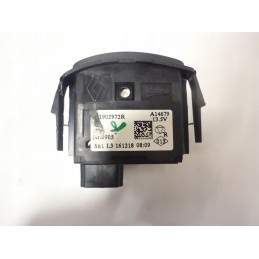 PANEL REGULACJI ŚWIATEŁ RENAULT KADJAR 15-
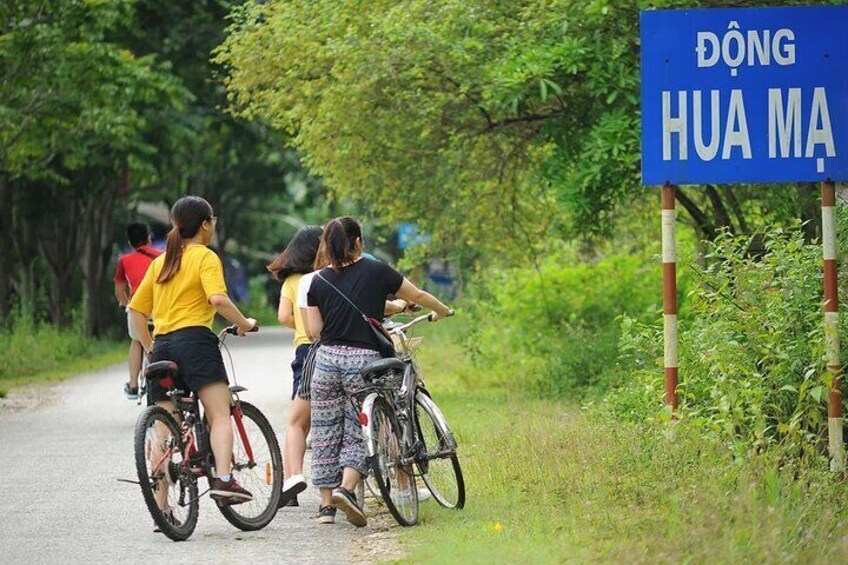 Hua Ma Cave and North-East Vietnam Private Tour 8 Days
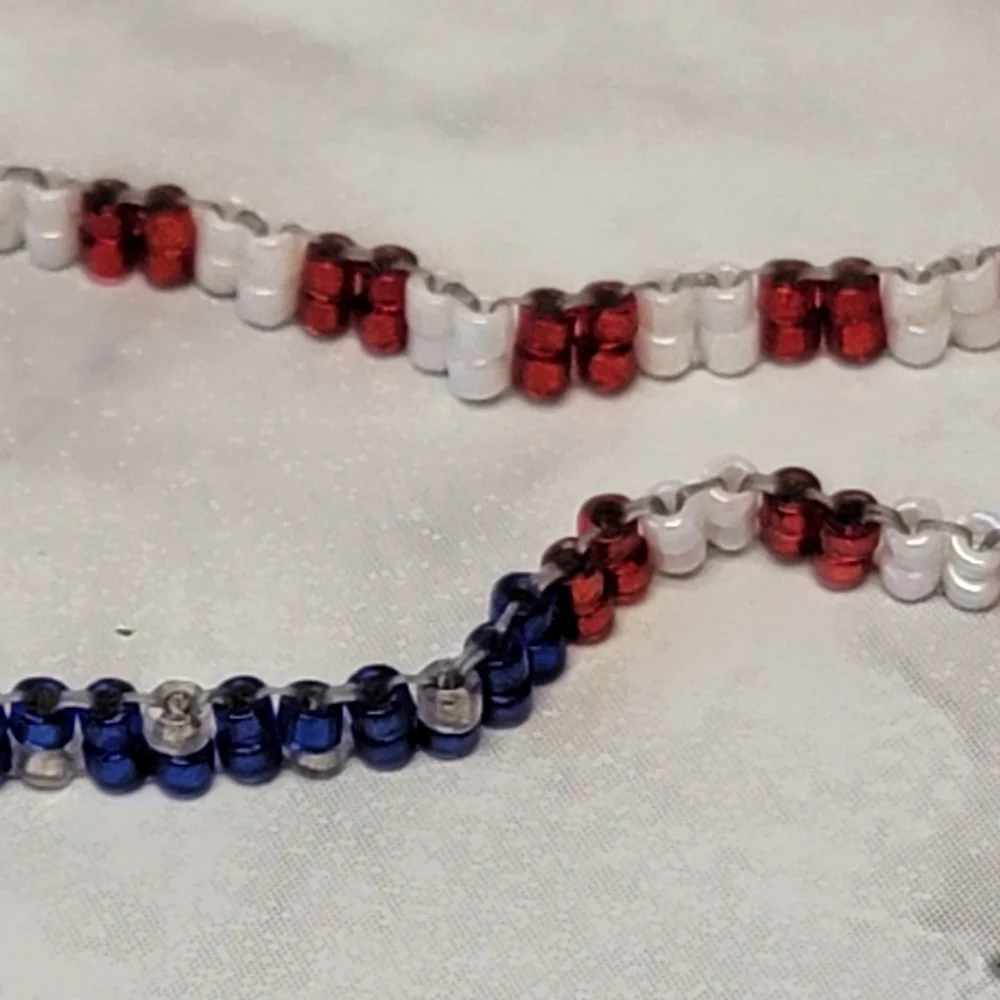 Patriotic Seed Bead Bracelet Red White Blue Gold Tone Dainty 4th of July USA - Picture 2 of 6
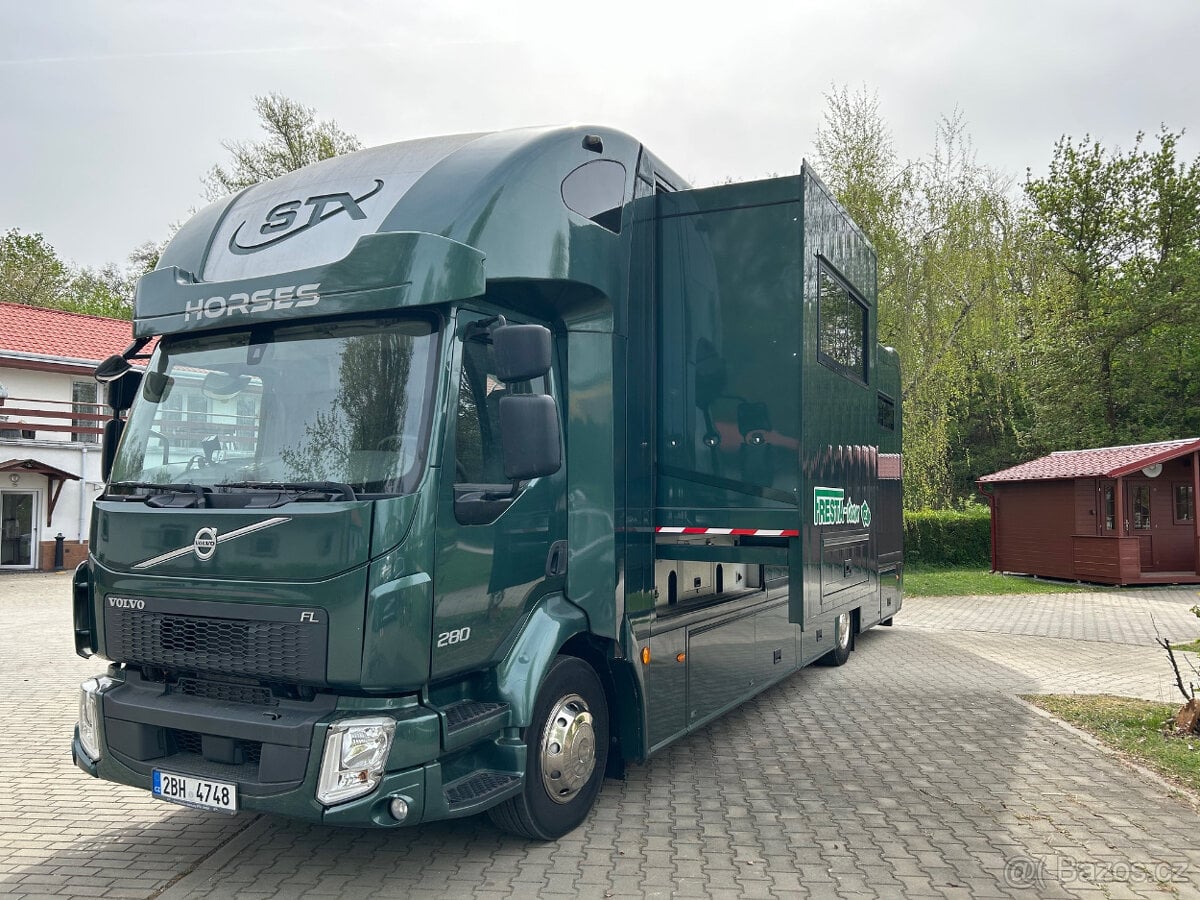 Prodej přeprava koní VOLVO FL STX, 5 koní DOUBLE POP-OUT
▬▬▬▬▬▬
▸ **WHAT YOU HAVE TO DO**:
Exclude all pictures and reproduce verbatim the lines running from the line that contains "Patriotic Seed Bead" to the end of the data above, both ends included.

▸ **REPLY TO THE TASK**:
 Patriotic Seed Bead Bracelet Red White Blue Gold Tone Dainty 4th of July USA - Picture 2 of 6
 Prodej přeprava koní VOLVO FL STX, 5 koní DOUBLE POP-OUT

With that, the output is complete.